Optimal Recovery from Inaccurate Data in Hilbert Spaces: Regularize, but what of the Parameter?

TL;DR

This paper investigates optimal regularization parameters in Hilbert space recovery problems with noisy data, providing explicit solutions in local and global scenarios and revealing cases where any parameter is optimal.

Contribution

It offers new methods for determining regularization parameters in optimal recovery, including explicit equations and semidefinite programs, filling previous gaps in the theory.

Findings

Explicit equations for regularization parameters in local scenarios.

Semidefinite programming approach for global scenarios.

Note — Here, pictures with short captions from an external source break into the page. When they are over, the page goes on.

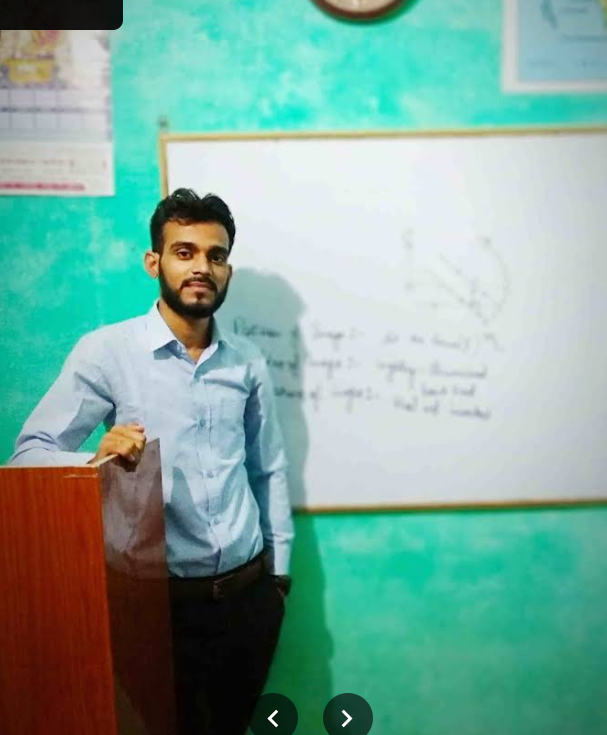 Campus learning environment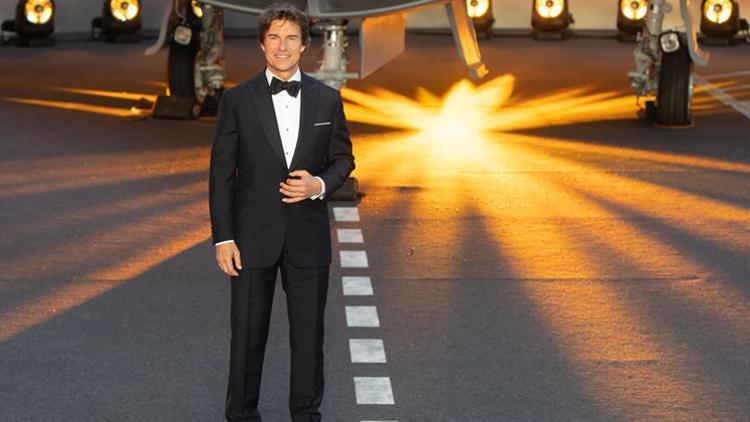 Tom Cruisea kötü haber: Sevinci yarıda kaldı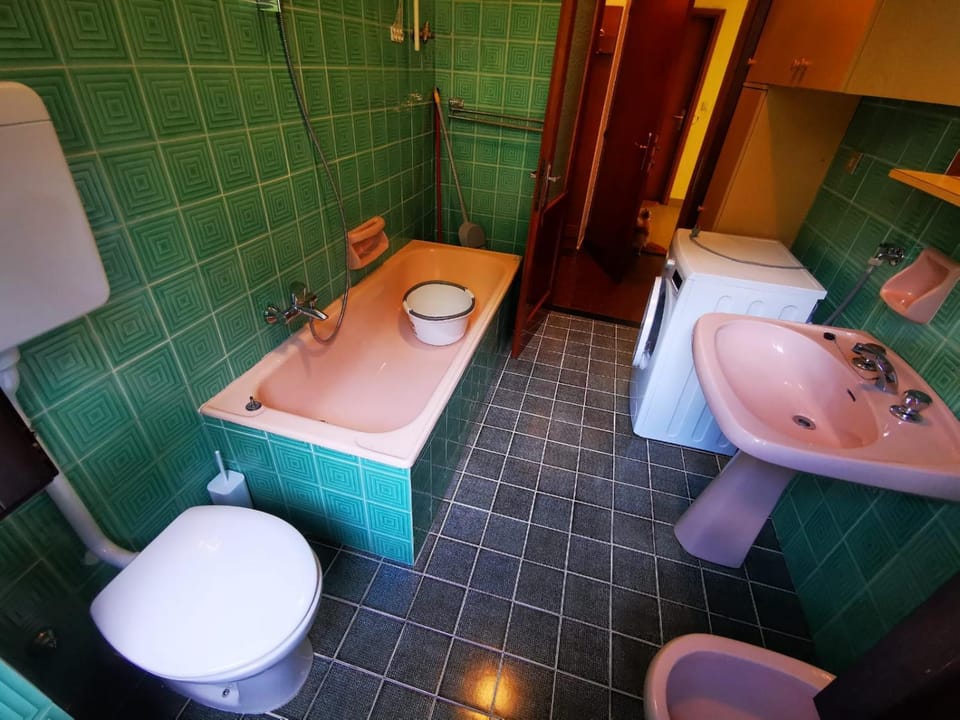APPARTAMENTO S.ANNA IN VALMALENCO Apartment in Province of Brescia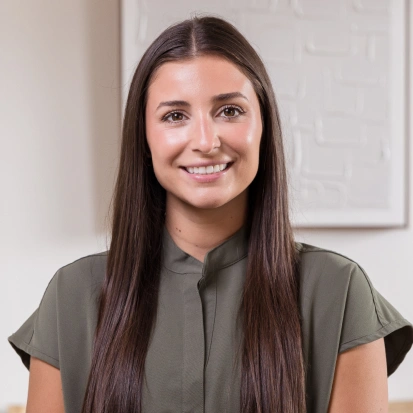Sam, Dental Assistant of Avery Dental Wellness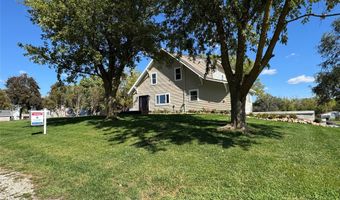 100 8th St, Adair, IA 50002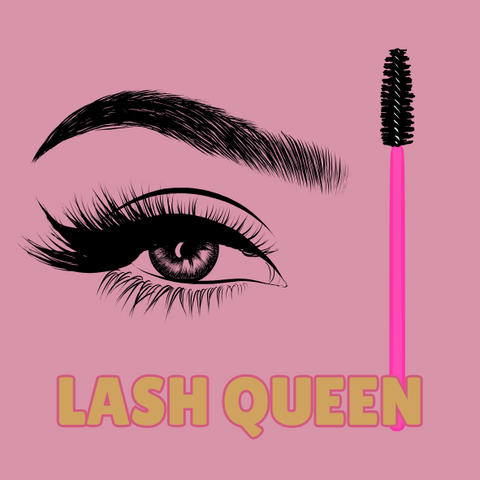 LASH QUEEN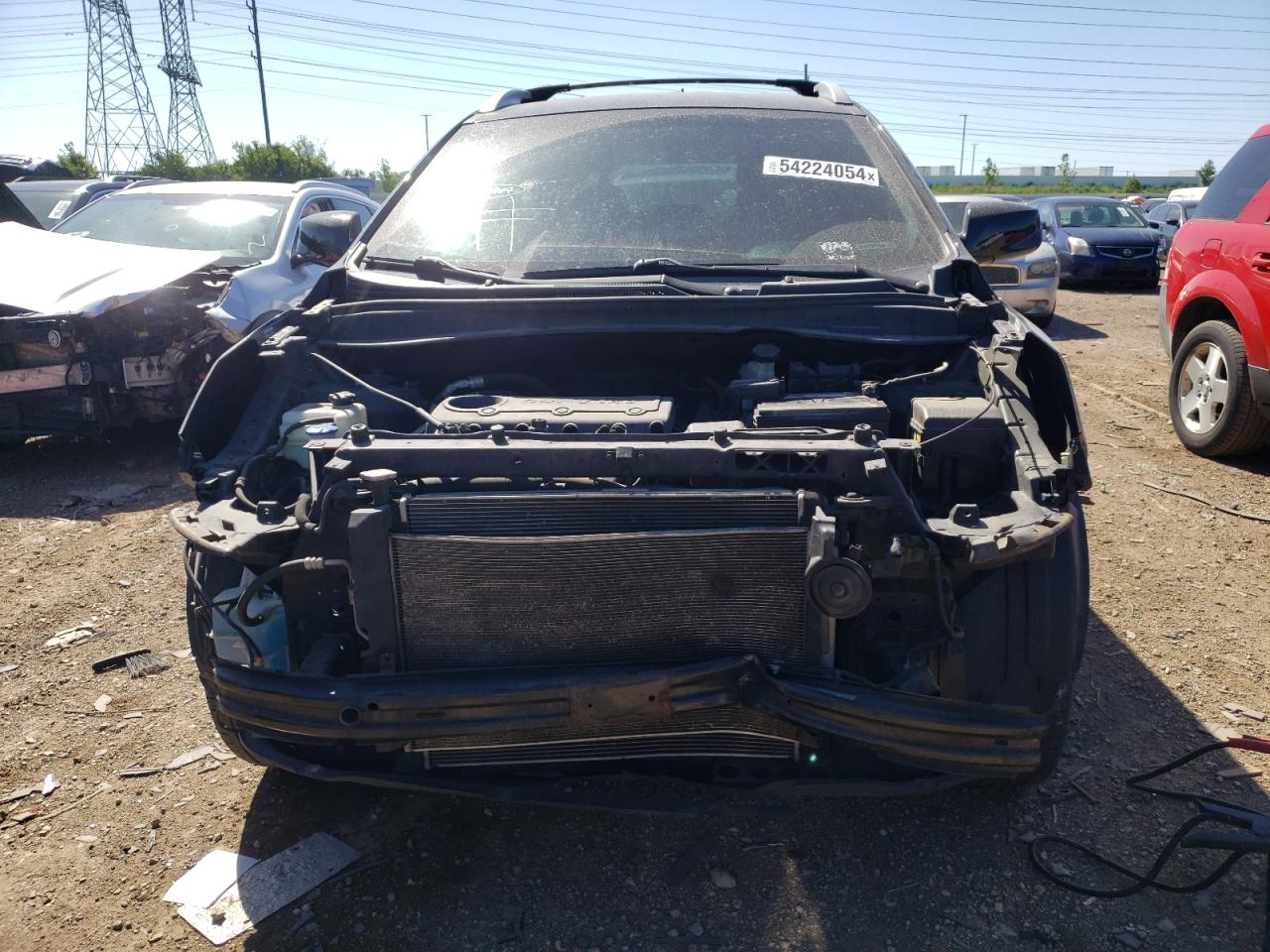 Hyundai TUCSON Gls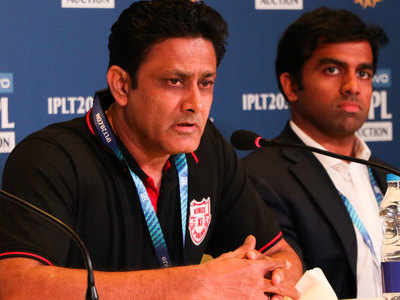 IPL- केएल राहुल के लिए यह कप्तानी करने का सही वक्त: अनिल कुंबले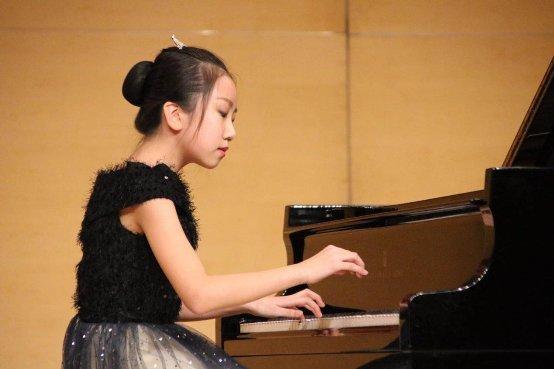 2019肖潇钢琴教学音乐会在中国音乐学院国音堂成功举办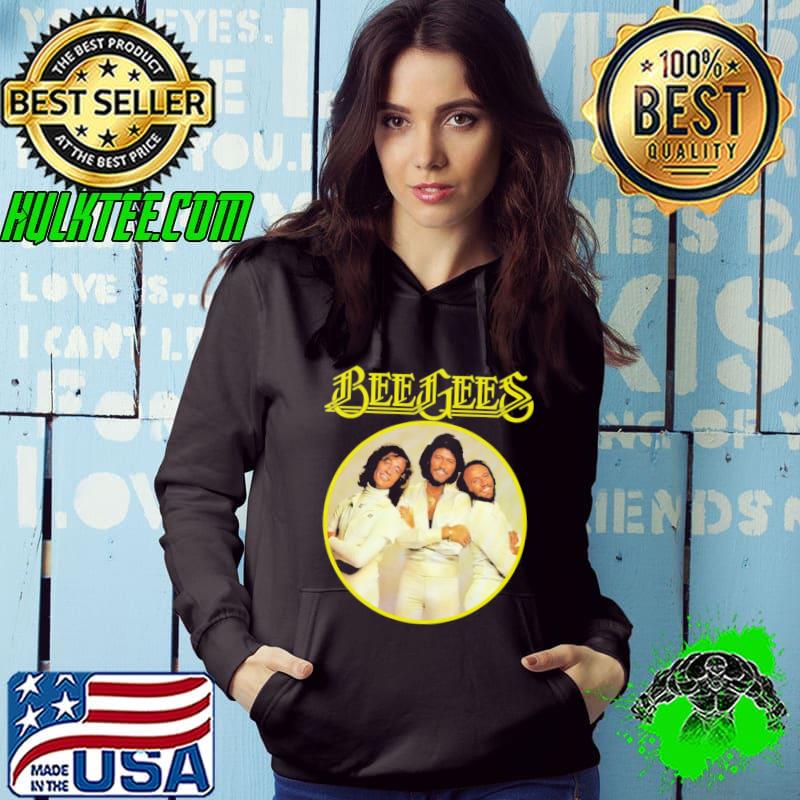 Musical group the bee gees s Hoodie Musical group the bee gees s Hoodie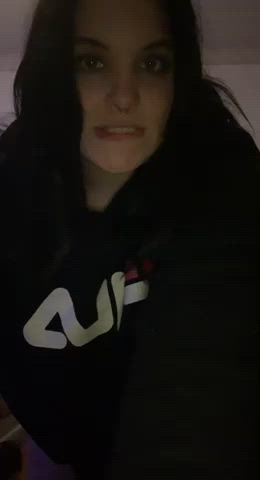 Ass Brunette OnlyFans clip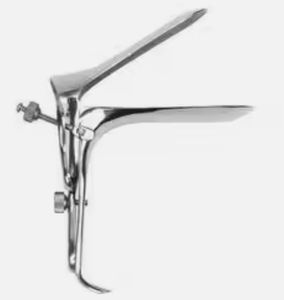 Electro Speculum Graves Instrument chirurgical réutilisable de haute qualité Gynécologie Qualité avec 1 an de garantie par VIDIFIVE INTL - Product Image 6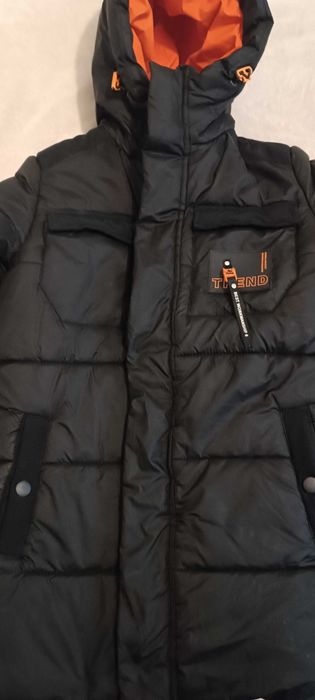 Продам куртку зима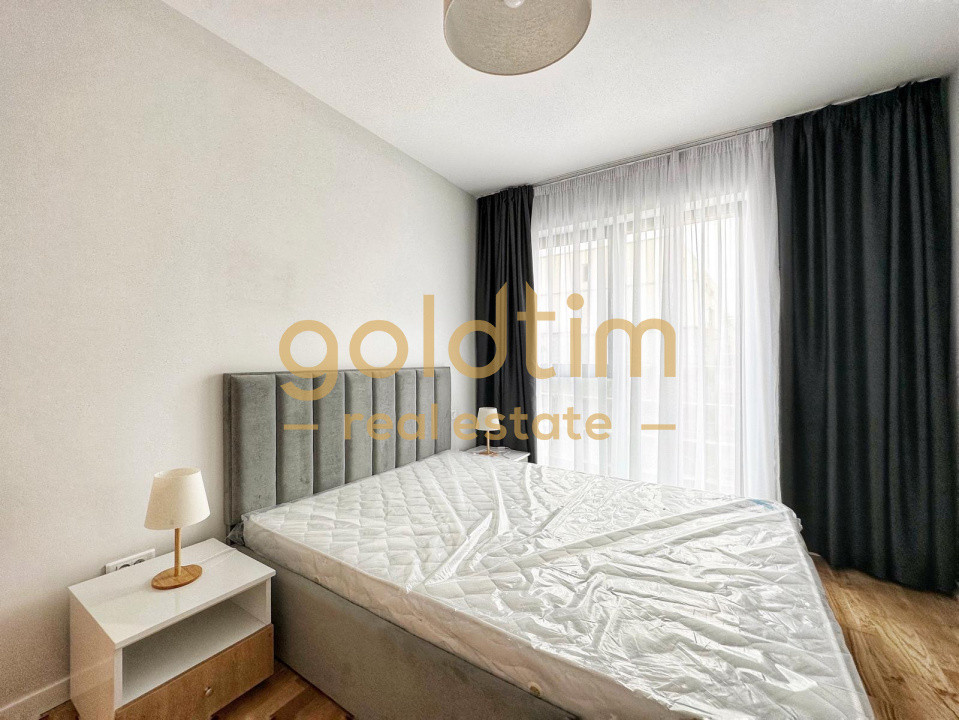 BANEASA/ZONA PETROM CITY/SUPERB/LUMINOS/PARCARE INCLUSA 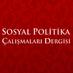 SPÇ Dergisi (@spcdergi) Twitter profile photo SPÇ Dergisi (@spcdergi) Twitter profile photo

Any regularization parameter is optimal with orthonormal representers.

Abstract

In Optimal Recovery, the task of learning a function from observational data is tackled deterministically by adopting a worst-case perspective tied to an explicit model assumption made on the functions to be learned. Working in the framework of Hilbert spaces, this article considers a model assumption based on approximability. It also incorporates observational inaccuracies modeled via additive errors bounded in $\ell_2$. Earlier works have demonstrated that regularization provide algorithms that are optimal in this situation, but did not fully identify the desired hyperparameter. This article fills the gap in both a local scenario and a global scenario. In the local scenario, which amounts to the determination of Chebyshev centers, the semidefinite recipe of Beck and Eldar (legitimately valid in the complex setting only) is complemented by a more direct approach, with the proviso that the observational functionals have orthonormal representers. In the said approach, the desired parameter is the solution to an equation that can be resolved via standard methods. In the global scenario, where linear algorithms rule, the parameter elusive in the works of Micchelli et al. is found as the byproduct of a semidefinite program. Additionally and quite surprisingly, in case of observational functionals with orthonormal representers, it is established that any regularization parameter is optimal.